Our study suggests SARS-CoV-2 decontamination of respirators requires more time at 70 °C than might be expected based on other studies that did not use any organic soil load35. Our results generated using SARS-CoV-2 virus mixed with a standard tripartite soil load are more representative of the clinical environment where virus is mixed with the accumulated oral and respiratory sections potentially deposited over multiple mask uses. The soil load in this study contains an especially high protein content (equivalent to approximately 5% bovine serum39) in order to account for the potential accumulation of high protein secretions on N95 respirators after repeat use.

Most other studies that have examined thermal inactivation of SARS-CoV-2 have not been designed to specifically address the question of N95 respirator decontamination and therefore used different surfaces to assess decontamination40. However, virus inactivation efficiency is partially dependent on the medium in which or surface on which the virus is suspended or located40. Further, in other cases the ambient humidity was either not noted or was not augmented37. Although soiling of the contaminated specimen with biological fluids and mimics containing proteins tend to be protective of viruses23,41, no studies of N95 respirators utilized soiling as might be expected on used respirators. The recent study by Daeschler et al.35, for example, demonstrated that an hour of exposure to 70 °C with 0% relative humidity was sufficient to drive viable virus to undetectable levels on contaminated N95 respirator coupons. However, their coupons were contaminated with SARS-CoV-2 virus without soiling. In a previous study, we demonstrated that exposure of a similar coupon where the inoculum was prepared by mixing the virus in a tripartite soil load (bovine serum albumin, tryptone, and mucin) as per ASTM standard to mimic body fluids11 failed to fully inactive the inoculum with 3 h exposure to 70 °C with 22% humidity3. Therefore, our results indicating a requirement for 6 h exposure to 70 °C with 32% RH may better indicate the necessary exposure parameters to effect decontamination in the clinical scenario where some degree of soiling with saliva would be expected.

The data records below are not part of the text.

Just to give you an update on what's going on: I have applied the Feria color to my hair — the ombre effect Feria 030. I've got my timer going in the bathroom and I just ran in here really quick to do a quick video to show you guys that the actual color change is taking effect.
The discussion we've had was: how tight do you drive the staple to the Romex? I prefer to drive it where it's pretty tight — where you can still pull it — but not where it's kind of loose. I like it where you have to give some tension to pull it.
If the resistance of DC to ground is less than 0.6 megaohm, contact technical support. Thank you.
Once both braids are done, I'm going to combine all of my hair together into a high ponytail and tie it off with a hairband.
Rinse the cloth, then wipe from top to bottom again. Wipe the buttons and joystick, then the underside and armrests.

Our study, like any other, has limitations. For example, we did not test pathogens other than SARS-CoV2 that may contaminate masks either acquired from patients (e.g. influenza virus) or carried asymptomatically by the wearer (e.g. S. aureus or other respiratory bacteria). Fortunately a wealth of literature demonstrate that most other viral and bacterial pathogens including S. aureus and influenza virus are equally or more sensitive to thermal inactivation as SARS-CoV-242,43,44,45.

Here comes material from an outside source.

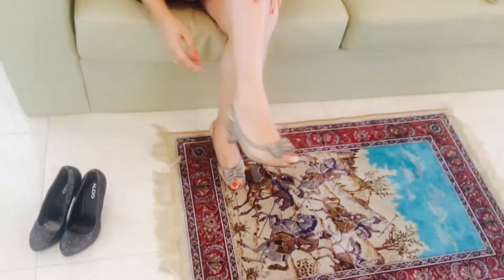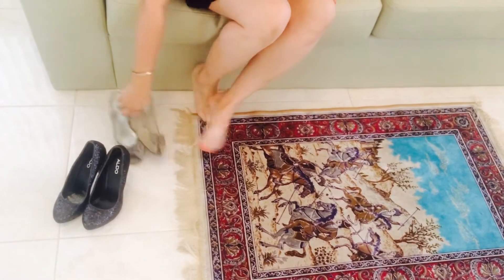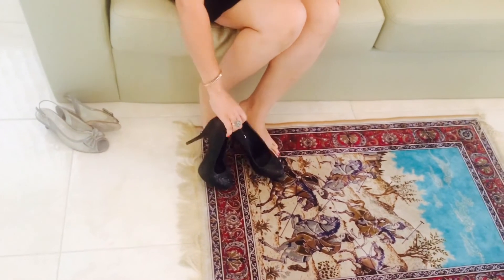Next, if you are just wearing normal daytime walking shoes, you can take them off and jazz it up with a nice heeled glittery shoes.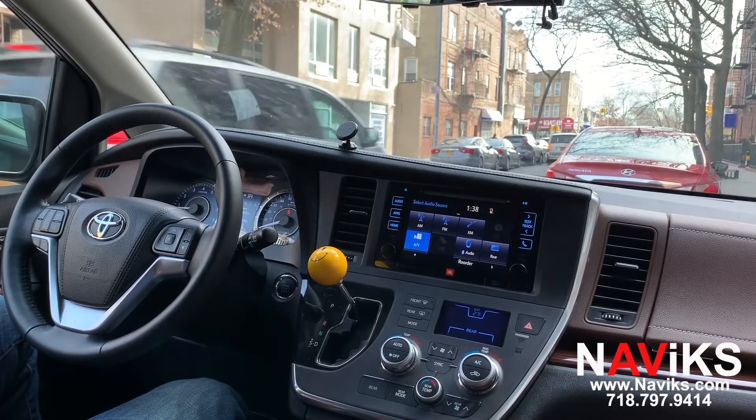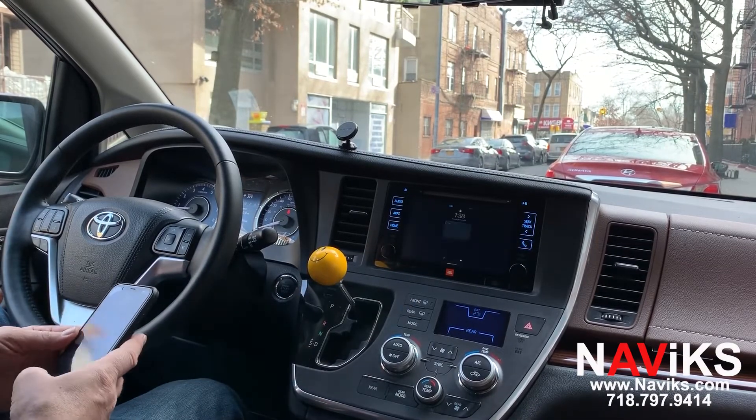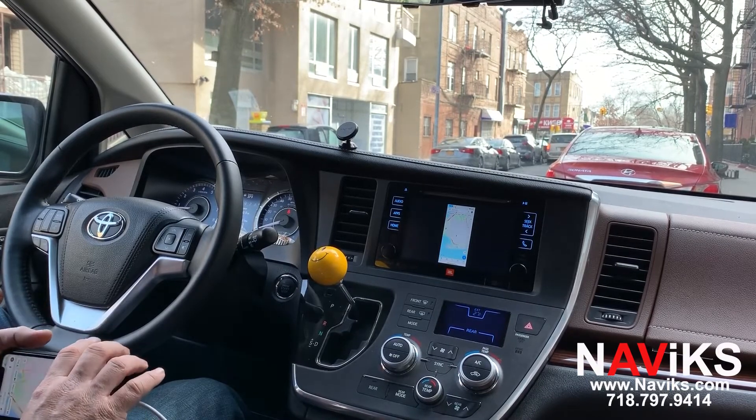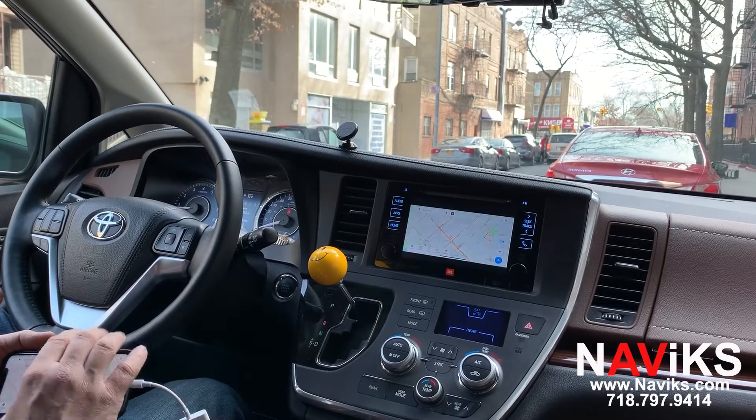Let's start with the mirroring function. Once you install the Navix unit you'll have the AV button on your radio, so let's press the AV button. Using the Navix wired mirror interface we've connected an iPhone using the Apple AV adapter. There you see Google Maps — let's get closer, let's zoom in.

None-the-less, our data should allow for more enthusiastic uptake of a decontamination and re-use approach to increase effective N95 supply. Point-of-care (local ward) level decontamination methods could substantially reduce logistic management issues (collection of N95 respirators for off-site processing followed by re-allocation to end-users) and increase the probability of uptake of a decontamination and re-use approach to increase effective N95 supply.